== MATERIAL FOR THIS EXERCISE ==
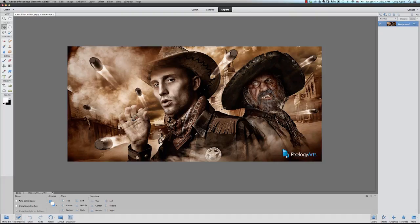Let's get started. First, open Elements and make sure you're on the Expert tab.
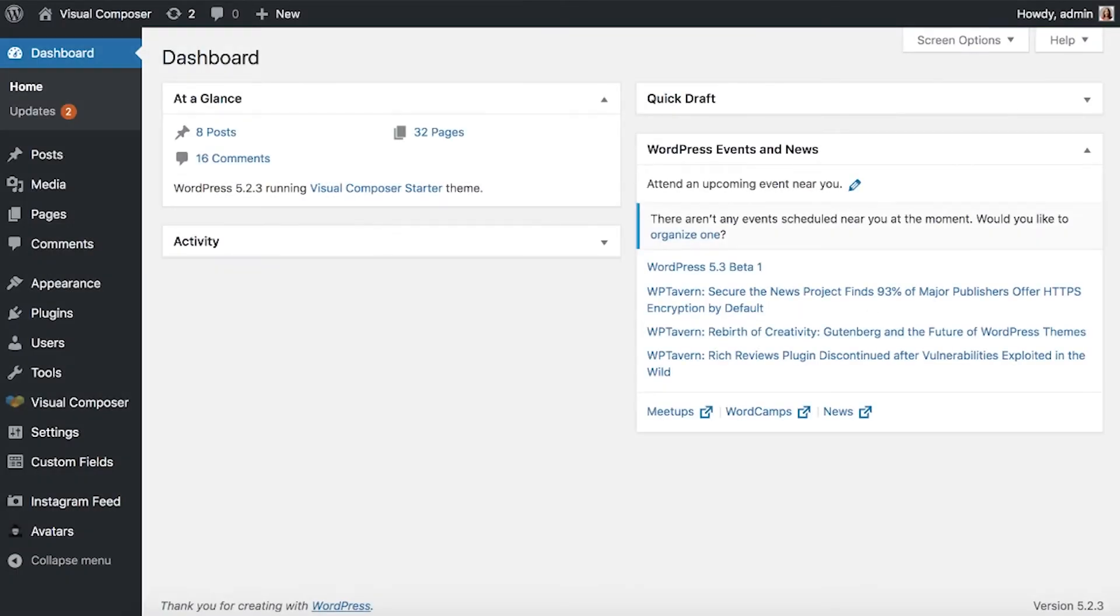Hi everyone! Visual Composer Premium allows creating custom maintenance mode pages, and in this video I'll show you how to do that.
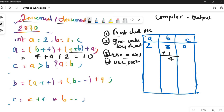After expression 1, a = 10. Now check for post-increments: b++ increments b by one more, so b becomes 5. Expression 1 is complete: a = 10, b = 5.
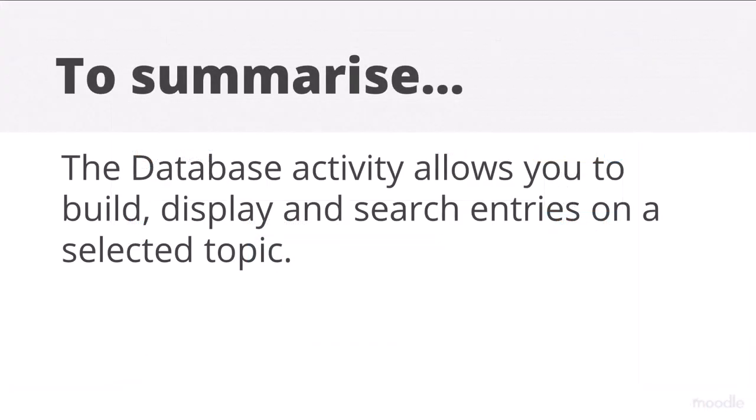To summarise, the database activity allows you to build, display and search entries on a selected topic.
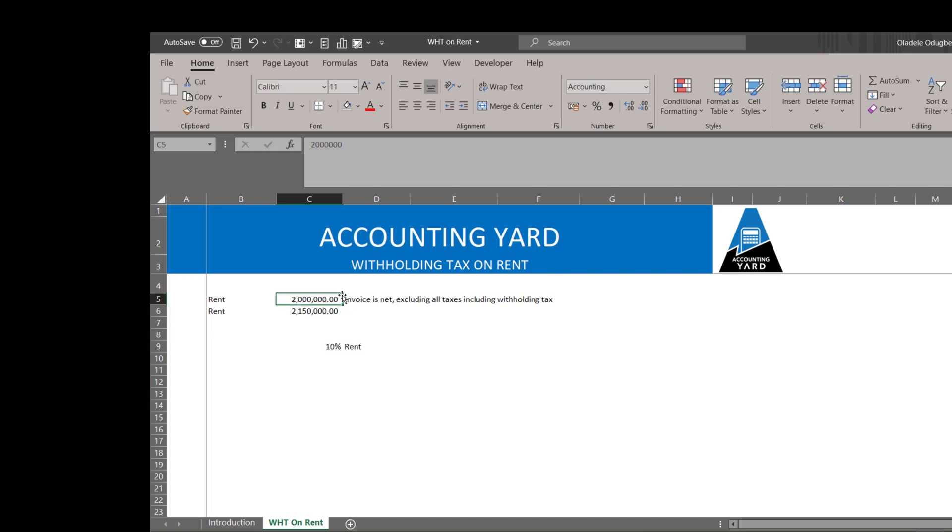To factor in the full value before withholding tax was deducted, how do we do that? We need to recognize that this value as seen here is less withholding tax already, meaning that this figure is actually 90 percent of what the full value of the invoice should be.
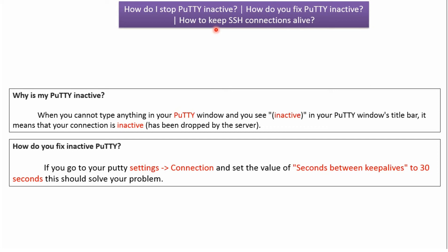In this video tutorial I will explain how to stop PuTTY going inactive, or how to fix PuTTY inactive, or how to keep SSH connections alive. When you cannot type anything on your PuTTY window, you can see 'inactive' in your PuTTY window's title bar. It means your connection is inactive and the connection has been dropped by the server.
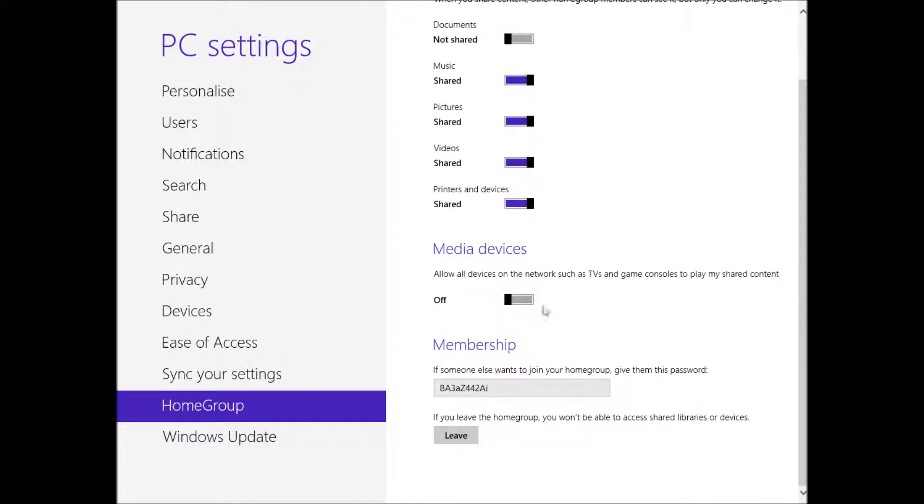Media devices is whether it can be streamed to things like TVs or PlayStations. I'm going to allow that because that's pretty cool.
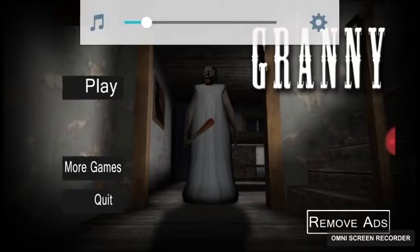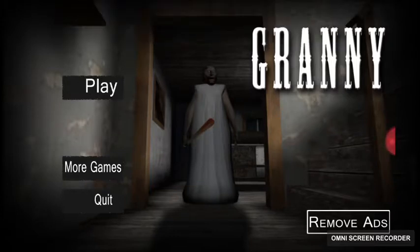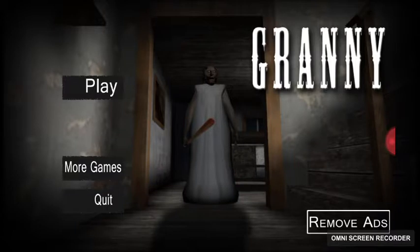What's up guys? Today I'm playing Granny. It is a horror game.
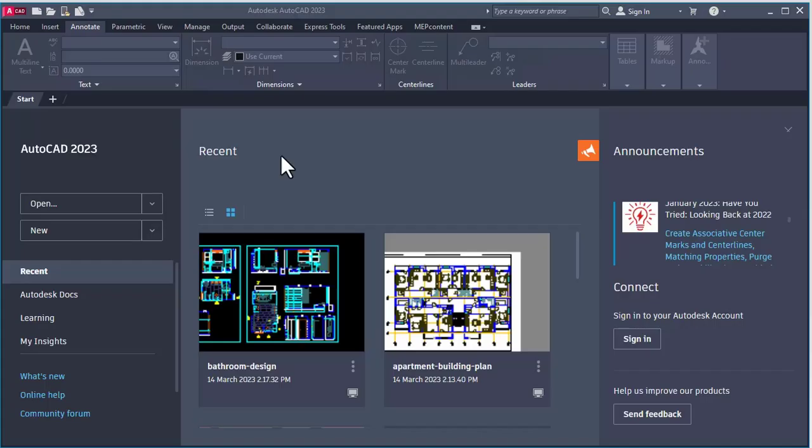In today's session, we will see the steps to activate commands in AutoCAD. There are various steps, so let's see them one by one.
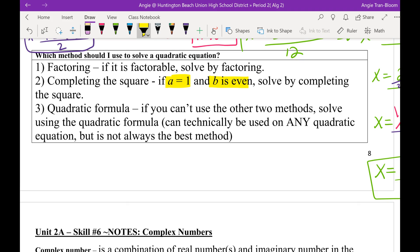Completing the square is quickest when A is 1 and B is even, because dividing an even number by 2 gives a nice number. If method 1 and method 2 are not applicable, use what we learned today: the quadratic formula. The quadratic formula will always work. But on your quiz tomorrow, it will specify which method to use, and on future tests it will just say 'solve' and you get to choose.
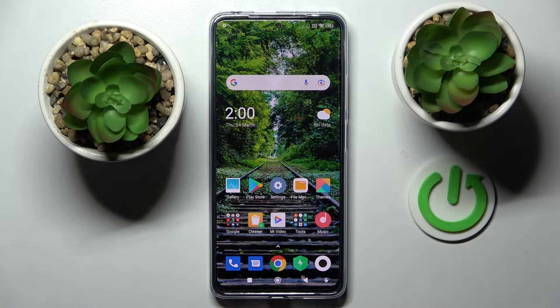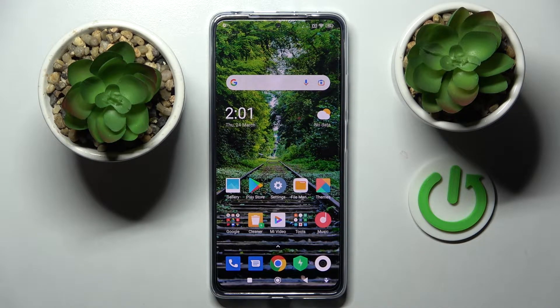Hi, I'm Imran. This is Xiaomi Poco X4 Pro 5G and today I would like to show you how you can add face data on this smartphone.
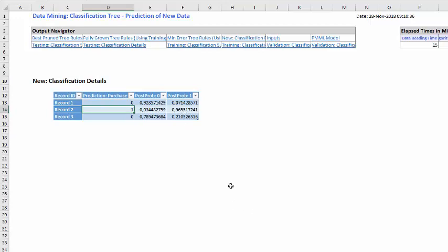There are many other information we could have received from this tree. We could have also asked the decile wise lift, or the ROC curve, or the area under the curve, to have a more complete picture of our classification. This is the minimum that we need to know. This is the basics if we want to use the CART, the classification and regression tree, using Frontline Solver. Have a good day.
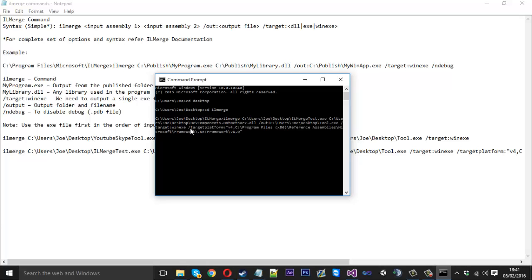There's one more command: `/targetplatform`. This allows you to reference a different version of .NET Framework, because I was getting a compile error where it wouldn't locate one of the assemblies it needed. Research told me there was an issue with the newer framework and you had to use the `/targetplatform` command to locate it. This will also be in the description to save you time. You just locate your .NET Framework folder and you can change the version number — so if you wanted 4.5 you'd just put 4.5 there.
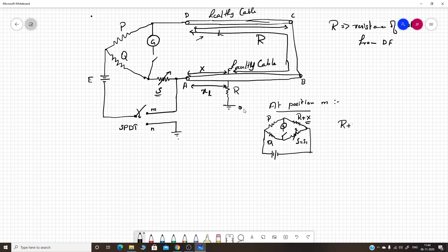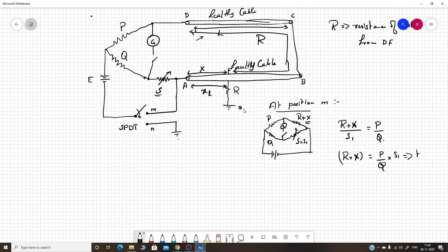At balance for position M, we get the equation: (R + X) / S1 = P / Q, or equivalently, R + X = (P/Q) · S1. From this we find the total loop resistance of both cables combined — this is the loop resistance.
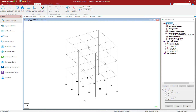Welcome to the Bentley Systems training course where you will learn how to generate load combinations and specify analysis commands in the STAAD Pro analytical modeler. In this particular video we are going to be demonstrating the process for performing a multi-run P-Delta analysis.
===
TASK TO COMPLETE
Copy each line above exactly. Images do not belong in the copy.

WRITTEN ANSWER
Let's get started. First, open Elements and make sure you're on the Expert tab.
Hi everyone! Visual Composer Premium allows creating custom maintenance mode pages, and in this video I'll show you how to do that.
After expression 1, a = 10. Now check for post-increments: b++ increments b by one more, so b becomes 5. Expression 1 is complete: a = 10, b = 5.
To summarise, the database activity allows you to build, display and search entries on a selected topic.
To factor in the full value before withholding tax was deducted, how do we do that? We need to recognize that this value as seen here is less withholding tax already, meaning that this figure is actually 90 percent of what the full value of the invoice should be.
In this video tutorial I will explain how to stop PuTTY going inactive, or how to fix PuTTY inactive, or how to keep SSH connections alive. When you cannot type anything on your PuTTY window, you can see 'inactive' in your PuTTY window's title bar. It means your connection is inactive and the connection has been dropped by the server.
Media devices is whether it can be streamed to things like TVs or PlayStations. I'm going to allow that because that's pretty cool.
What's up guys? Today I'm playing Granny. It is a horror game.
In today's session, we will see the steps to activate commands in AutoCAD. There are various steps, so let's see them one by one.
Completing the square is quickest when A is 1 and B is even, because dividing an even number by 2 gives a nice number. If method 1 and method 2 are not applicable, use what we learned today: the quadratic formula. The quadratic formula will always work. But on your quiz tomorrow, it will specify which method to use, and on future tests it will just say 'solve' and you get to choose.
Hi, I'm Imran. This is Xiaomi Poco X4 Pro 5G and today I would like to show you how you can add face data on this smartphone.
There are many other information we could have received from this tree. We could have also asked the decile wise lift, or the ROC curve, or the area under the curve, to have a more complete picture of our classification. This is the minimum that we need to know. This is the basics if we want to use the CART, the classification and regression tree, using Frontline Solver. Have a good day.
There's one more command: `/targetplatform`. This allows you to reference a different version of .NET Framework, because I was getting a compile error where it wouldn't locate one of the assemblies it needed. Research told me there was an issue with the newer framework and you had to use the `/targetplatform` command to locate it. This will also be in the description to save you time. You just locate your .NET Framework folder and you can change the version number — so if you wanted 4.5 you'd just put 4.5 there.
At balance for position M, we get the equation: (R + X) / S1 = P / Q, or equivalently, R + X = (P/Q) · S1. From this we find the total loop resistance of both cables combined — this is the loop resistance.
Welcome to the Bentley Systems training course where you will learn how to generate load combinations and specify analysis commands in the STAAD Pro analytical modeler. In this particular video we are going to be demonstrating the process for performing a multi-run P-Delta analysis.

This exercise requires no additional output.